Unfortunately these two are a bit in tension, because I suspect making it more effective is going to increase the complexity and effort of it, which will make it harder to do as reliably. I think the solution is just some mix of gentle on ramp and optional steps: If there’s something I can do to make it more effective, I’m allowed to do that or not do that, at whatever point in the process I feel ready to.

Spell development: Hypnagogia

One interesting thing about this spell is that it’s really good at producing hypnagogic imagery. When everything lines up perfectly, I get into an extremely relaxed dozing state where my brain just generates random visuals. This is really neat, as I don’t normally have much facility to visualise at all.

The hypnagogia seems to go hand in hand with this being extremely effective, which makes it a nice feedback loop to work on. This makes sense to me, because as far as I can tell the thing that makes it effective is relaxing into a light partial doze, which is where the hypnagogia happens.

I haven’t figured out how to produce this effect super reliably (it seems dependent on my ability to relax), but the best entry point I’ve got so far seems to be a couple of breath holds followed by some box breathing.

My guess is that this is almost but not quite the right entry point, and that there’s some simple breathwork approach that triggers it, but I haven’t quite reliably figured it out yet. I need to do some more experimentation here.

I recently read James Nestor’s book “Breath”, which I thought was excellent (I doubt many of the specific claims in the book, but I still think is excellent) and need to have a bit of a run through of the various well-explained breathwork exercises he has in the appendix.

My current guess is that Tummo breathing is probably a pretty good entry point, which he describes as follows:

  • Find a quiet place and lie flat on your back with a pillow under the head. Relax the shoulders, chest, legs.

  • Take 30 very deep, very fast breaths into the pit of the stomach and let it back out. If possible, breathe through the nose; if the nose feels obstructed, try pursed lips. The movement of each inhalation should look like a wave, filling up in the stomach and softly moving up through the lungs. Exhales follow the same movement, first emptying the stomach then the chest as air pours through the nose or pursed lips of the mouth.

  • At the end of 30 breaths, exhale to the “natural conclusion,” leaving about a quarter of the air in the lungs. Hold that breath for as long as possible.

  • Once you’ve reached your absolute breathhold limit, take one huge inhale and hold it another 15 seconds. Very gently, move that fresh breath around the chest and to the shoulders, then exhale and start the heavy breathing again.

  • Repeat the entire pattern at least three times.

Or, if you prefer, here’s Wim Hof taking you through it.

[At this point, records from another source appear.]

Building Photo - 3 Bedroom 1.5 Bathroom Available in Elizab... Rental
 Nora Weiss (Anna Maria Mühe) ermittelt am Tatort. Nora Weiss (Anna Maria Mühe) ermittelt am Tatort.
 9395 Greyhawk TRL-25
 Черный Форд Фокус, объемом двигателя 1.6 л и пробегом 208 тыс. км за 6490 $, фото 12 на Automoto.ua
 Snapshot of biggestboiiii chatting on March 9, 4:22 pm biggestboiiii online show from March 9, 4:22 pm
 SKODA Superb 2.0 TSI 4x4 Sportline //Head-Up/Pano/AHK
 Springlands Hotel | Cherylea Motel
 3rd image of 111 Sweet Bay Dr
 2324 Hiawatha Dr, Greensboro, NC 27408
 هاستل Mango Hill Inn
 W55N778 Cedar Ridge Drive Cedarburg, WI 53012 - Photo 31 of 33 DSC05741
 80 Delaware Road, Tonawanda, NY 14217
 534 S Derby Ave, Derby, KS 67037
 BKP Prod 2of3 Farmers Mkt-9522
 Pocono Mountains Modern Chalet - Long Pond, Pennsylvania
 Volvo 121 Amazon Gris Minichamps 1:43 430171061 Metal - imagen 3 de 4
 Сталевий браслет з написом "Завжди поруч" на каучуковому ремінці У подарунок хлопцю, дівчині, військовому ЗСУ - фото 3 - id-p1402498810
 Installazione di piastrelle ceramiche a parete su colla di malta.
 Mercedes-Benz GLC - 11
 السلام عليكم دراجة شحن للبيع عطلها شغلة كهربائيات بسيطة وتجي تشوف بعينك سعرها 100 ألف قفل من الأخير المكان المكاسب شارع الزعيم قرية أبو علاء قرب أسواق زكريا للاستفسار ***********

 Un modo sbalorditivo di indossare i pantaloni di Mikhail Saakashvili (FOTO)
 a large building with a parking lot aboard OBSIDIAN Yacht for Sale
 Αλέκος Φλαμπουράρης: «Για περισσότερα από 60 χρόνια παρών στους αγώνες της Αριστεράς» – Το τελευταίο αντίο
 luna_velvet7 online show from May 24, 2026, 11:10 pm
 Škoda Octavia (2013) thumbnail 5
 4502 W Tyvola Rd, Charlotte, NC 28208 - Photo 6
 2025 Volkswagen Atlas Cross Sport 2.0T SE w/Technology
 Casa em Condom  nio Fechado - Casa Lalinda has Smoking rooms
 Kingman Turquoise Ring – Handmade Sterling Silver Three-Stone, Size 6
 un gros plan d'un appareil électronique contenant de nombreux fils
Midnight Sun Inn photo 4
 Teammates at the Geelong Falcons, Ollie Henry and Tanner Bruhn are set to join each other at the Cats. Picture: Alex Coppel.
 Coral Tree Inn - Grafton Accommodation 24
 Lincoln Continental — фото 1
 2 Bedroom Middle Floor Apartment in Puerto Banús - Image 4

I haven’t tried exactly this, and if this works then there’s something I’m not understanding about the mechanism behind the hypnagogia, because allegedly this is a method for activating your sympathetic nervous system (so should get you worked up rather than relaxed). On the other hand, it’s extremely similar to both the thing I have that almost works (I don’t breath heavily for as long beforehand mainly), and is effectively a mini version of Holotropic Breathwork, which is known to produce visual hallucinations, so I don’t know.

Anyway, this is all an unvalidated hunch, so possibly this bit is completely wrong, I’m just pointing in a direction where clearly More Research Is Needed.